The Regional Worlds program at the University of Chicago (and the larger Globalization Project of which it was a part) was committed to the development and implementation of a conceptual, strategic and practical means for a new approach to area studies. Its main intellectual goal was to develop a critical discussion of how research and teaching in area studies might be transformed and how changing curricular form, content and pedagogic approach in area studies may have the broadest possible impact on institutions of higher education in the Midwest. Building on the results of the Ford Foundation funded pilot year (1996), which considered new approaches to the study of South Asia, the Regional Worlds project received further funding from the Ford Foundation to organize a three year project around the rethinking of Latin America and East Asia as additional "anchor regions," to culminate in a one-year focus on "Diasporas, Minorities and Counter-Geographies."

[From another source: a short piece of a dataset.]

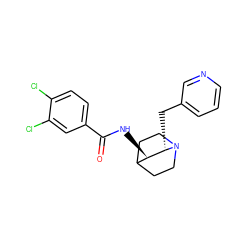 O=C(N[C@@H]1C2CCN(CC2)[C@H]1Cc1cccnc1)c1ccc(Cl)c(Cl)c1 ZINC000095578767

The Project was concerned with the ways in which long-term patterns of human action and organization produce changing cultural geographies. Much traditional thinking about "areas" has been driven by conceptions of geographical, civilizational and cultural coherence which rely on some sort of trait list -- of values, of languages, of material practices, of ecological adaptations, of marriage patterns and the like. However sophisticated these approaches, they all tend to see "areas" as relatively immobile aggregates of traits, with more or less durable historical boundaries and with a unity comprised of more or less enduring properties. In contrast Regional Worlds explores an architecture for area studies which is based on process geographies, and sees significant areas of human organization as precipitates for various kinds of action, interaction and motion -- trade, travel, marriage, pilgrimage, warfare, proselytization, colonization, exile and so on. Regional Worlds was built up of a series of annual regional anchors, on the model of traditional area studies, which are examined in the context of themes based on the thinking of process geography.

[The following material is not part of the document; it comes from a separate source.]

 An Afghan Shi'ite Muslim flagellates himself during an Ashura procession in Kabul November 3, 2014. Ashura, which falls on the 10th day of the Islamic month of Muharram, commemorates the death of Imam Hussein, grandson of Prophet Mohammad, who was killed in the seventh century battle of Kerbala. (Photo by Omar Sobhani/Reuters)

Each year focused on current global processes -- Environmental Relations (Latin America) and Regional Modernisms (East Asia) -- that exemplify the value of process geographies. In this new vision of area studies, such vital processes could be examined with an eye to the specific "areas," cultures and the histories they imply, in preference to the previous approach, which takes certain physical spaces for granted and asks what histories, languages and cultural formations they contain and exemplify. Regions, in our project, were explored as themes which generate geographies, rather than as geographies which contain themes.